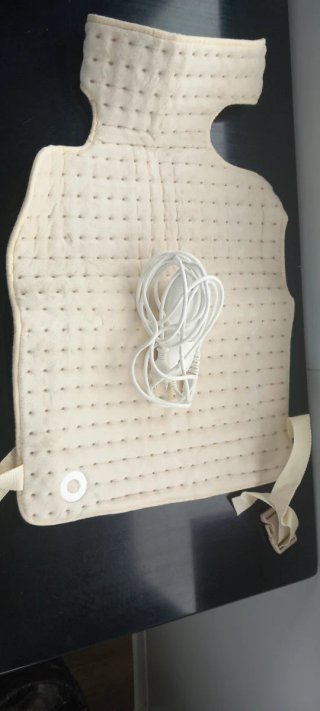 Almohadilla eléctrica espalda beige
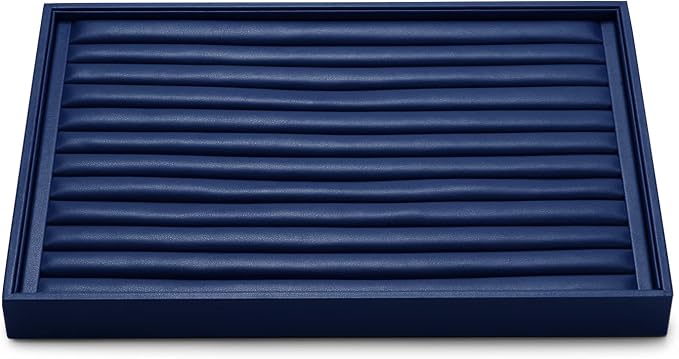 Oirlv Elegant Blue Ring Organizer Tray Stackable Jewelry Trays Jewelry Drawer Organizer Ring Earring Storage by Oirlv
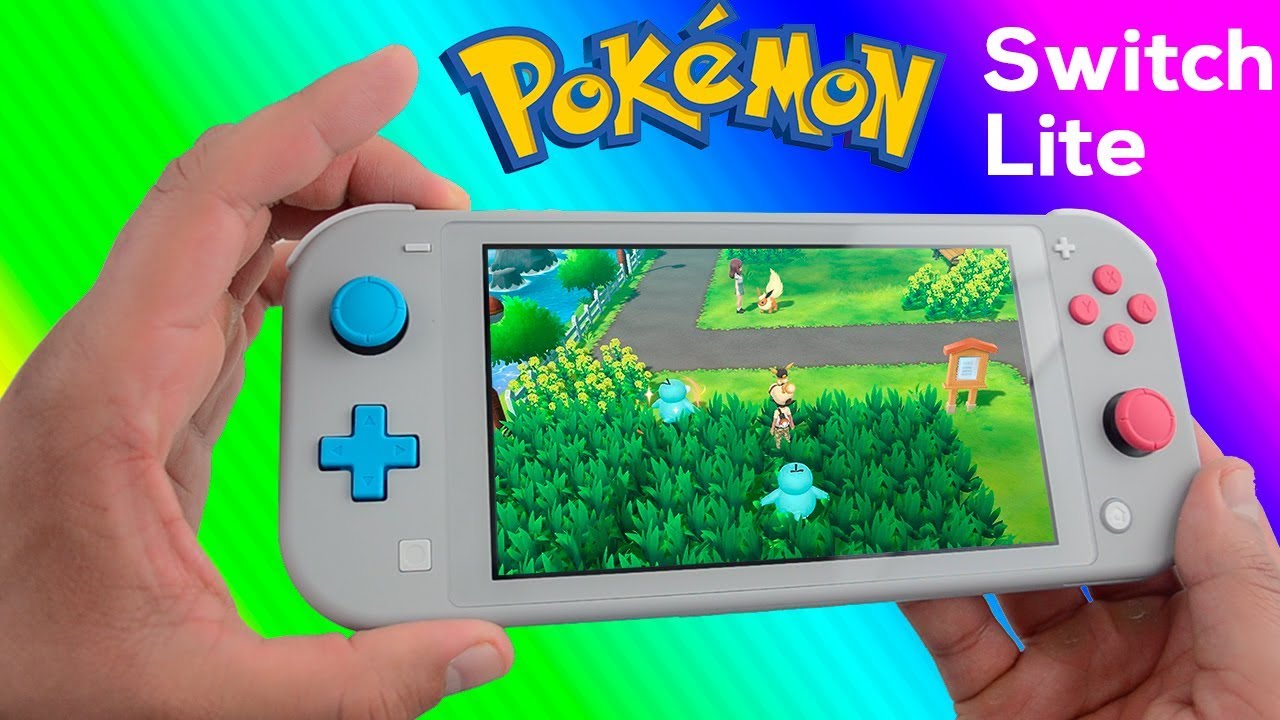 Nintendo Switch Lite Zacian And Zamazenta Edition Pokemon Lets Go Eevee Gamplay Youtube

* * *

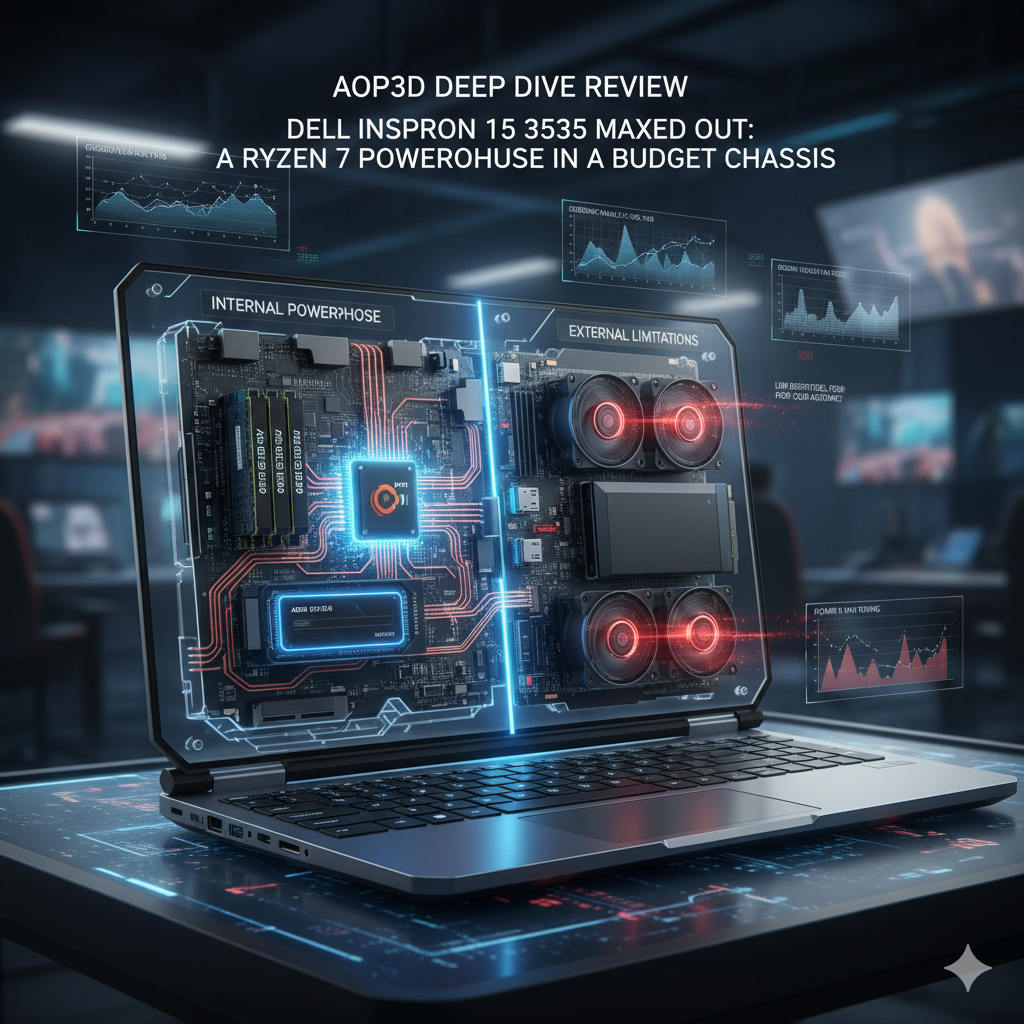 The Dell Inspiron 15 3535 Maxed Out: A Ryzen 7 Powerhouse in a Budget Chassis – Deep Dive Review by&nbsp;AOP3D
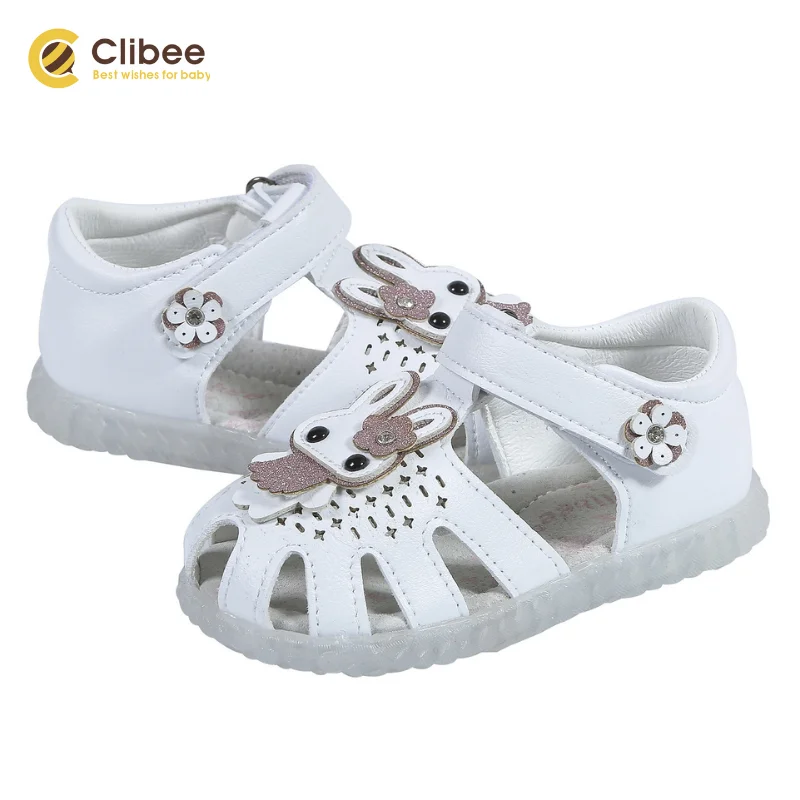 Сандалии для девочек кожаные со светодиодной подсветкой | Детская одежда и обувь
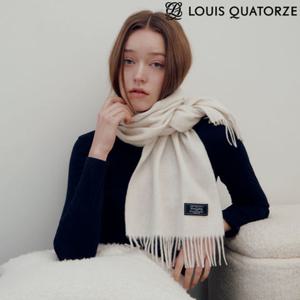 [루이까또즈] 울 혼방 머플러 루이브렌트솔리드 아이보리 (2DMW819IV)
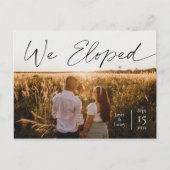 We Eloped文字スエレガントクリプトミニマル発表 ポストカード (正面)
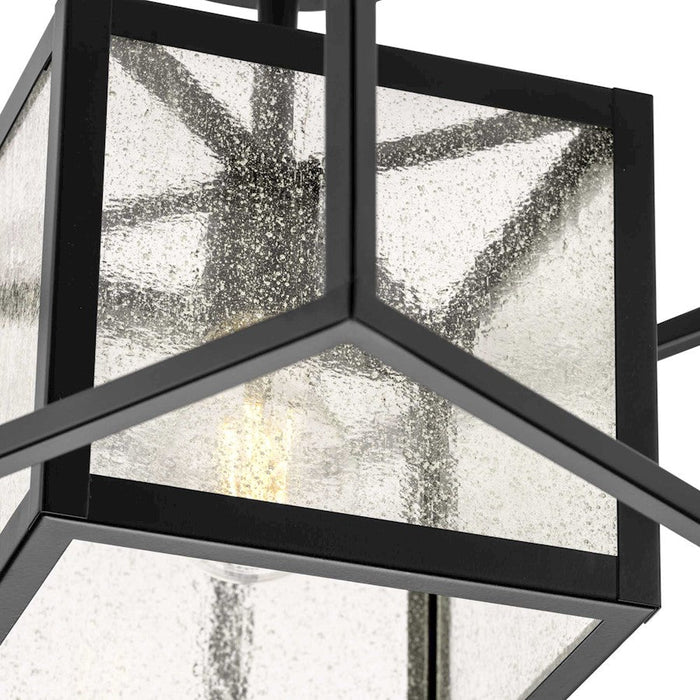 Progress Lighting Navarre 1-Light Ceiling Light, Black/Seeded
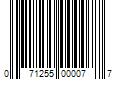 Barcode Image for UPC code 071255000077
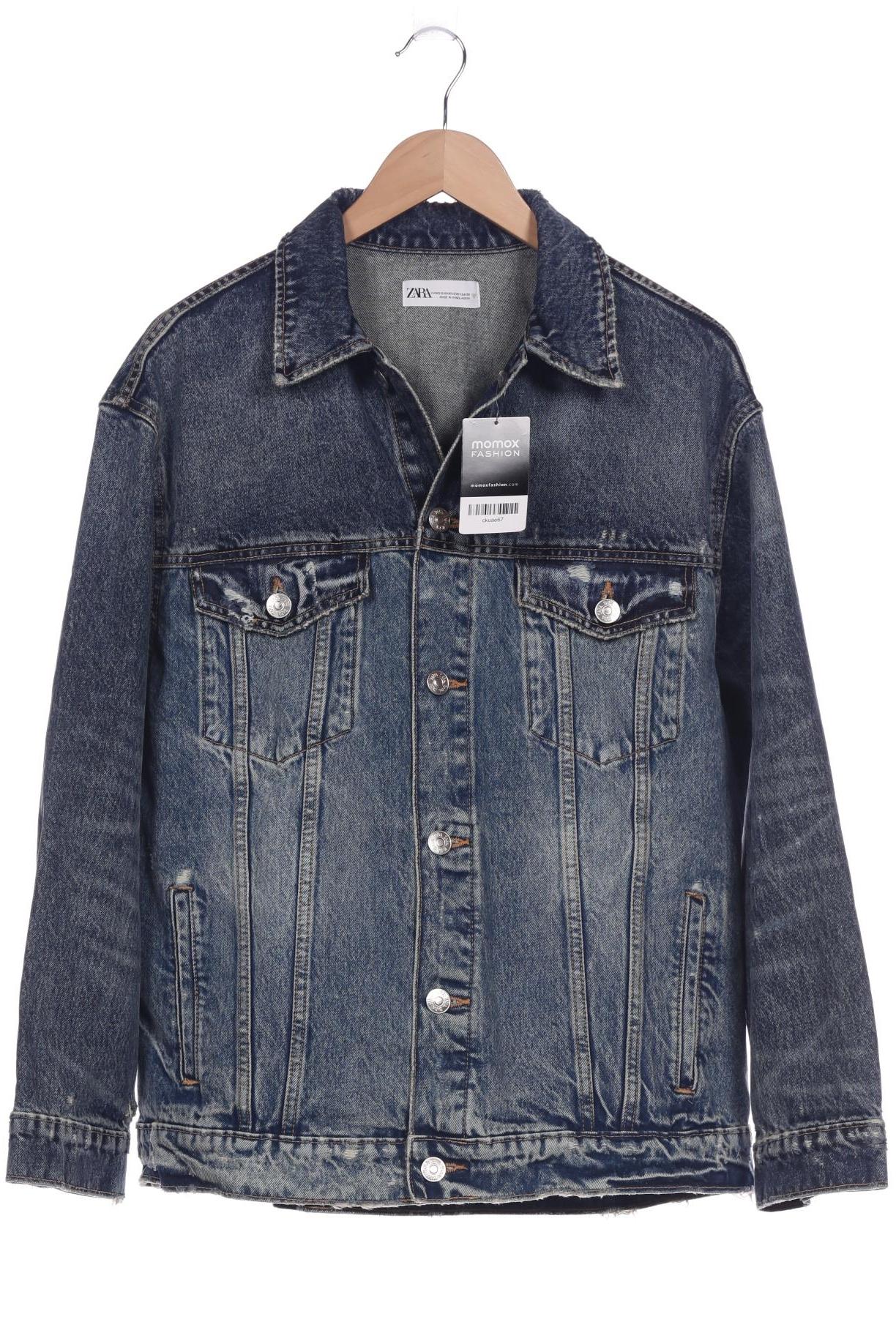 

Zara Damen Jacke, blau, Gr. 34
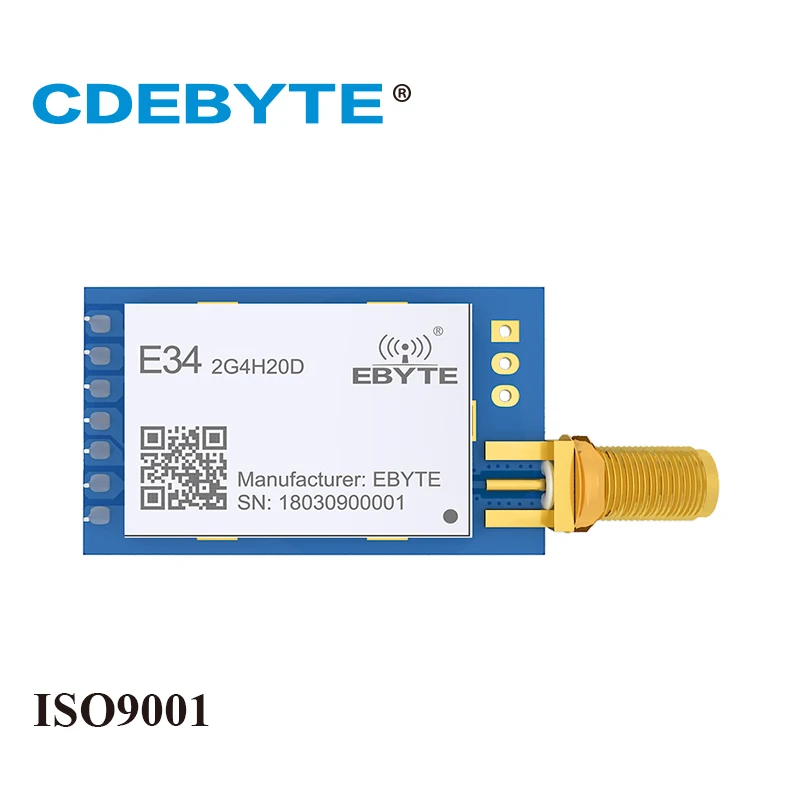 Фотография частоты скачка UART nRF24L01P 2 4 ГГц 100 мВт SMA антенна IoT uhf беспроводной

--

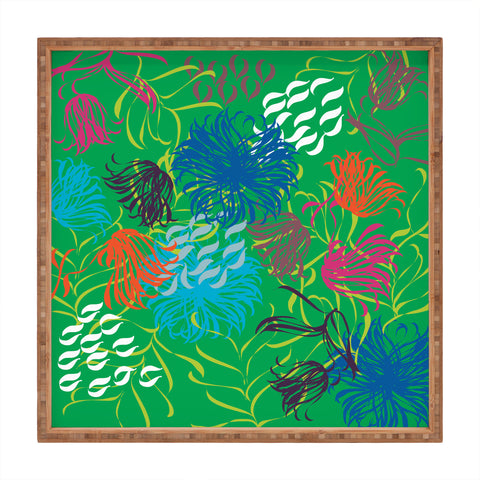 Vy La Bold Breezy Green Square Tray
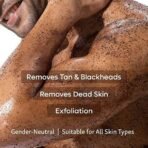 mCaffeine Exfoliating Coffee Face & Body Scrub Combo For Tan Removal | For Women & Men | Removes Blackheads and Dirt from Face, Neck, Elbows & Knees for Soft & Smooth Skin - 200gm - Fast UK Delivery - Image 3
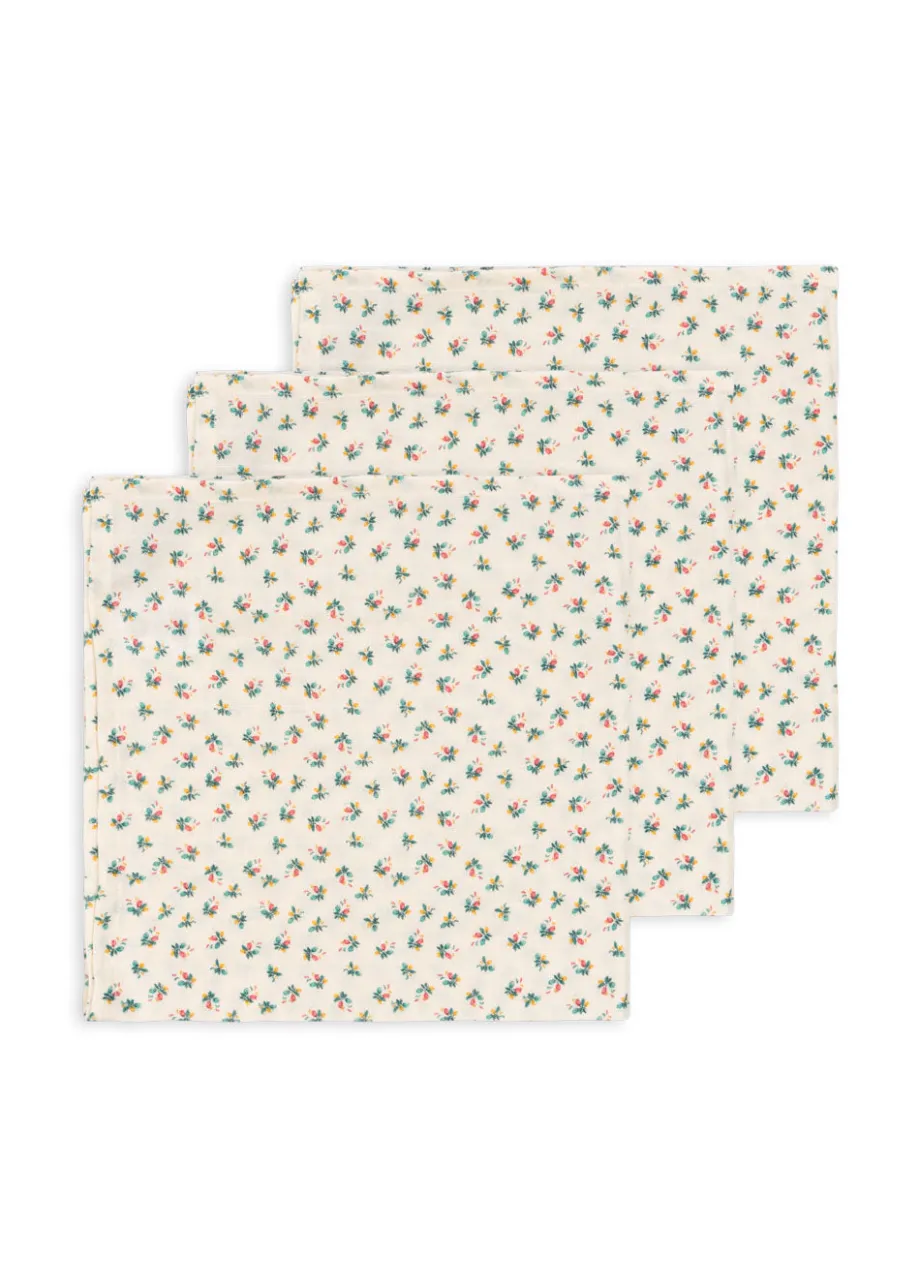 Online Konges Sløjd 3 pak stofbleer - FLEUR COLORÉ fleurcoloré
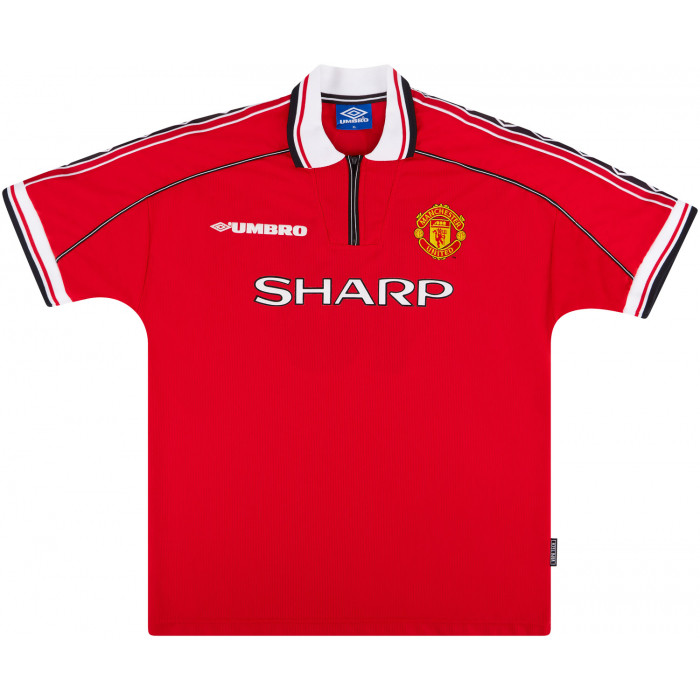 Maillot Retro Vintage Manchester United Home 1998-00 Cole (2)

> _Exercise aim_: Precisely those lines above that run from the line with "Сандалии для девочек" up to and including the line with "Фотография частоты скачка" are to be set down, with the pictures omitted.

> _Expected answer_:
 Сандалии для девочек кожаные со светодиодной подсветкой | Детская одежда и обувь
 [루이까또즈] 울 혼방 머플러 루이브렌트솔리드 아이보리 (2DMW819IV)
 We Eloped文字スエレガントクリプトミニマル発表 ポストカード (正面)
 Progress Lighting Navarre 1-Light Ceiling Light, Black/Seeded
 Barcode Image for UPC code 071255000077

Zara Damen Jacke, blau, Gr. 34
 Фотография частоты скачка UART nRF24L01P 2 4 ГГц 100 мВт SMA антенна IoT uhf беспроводной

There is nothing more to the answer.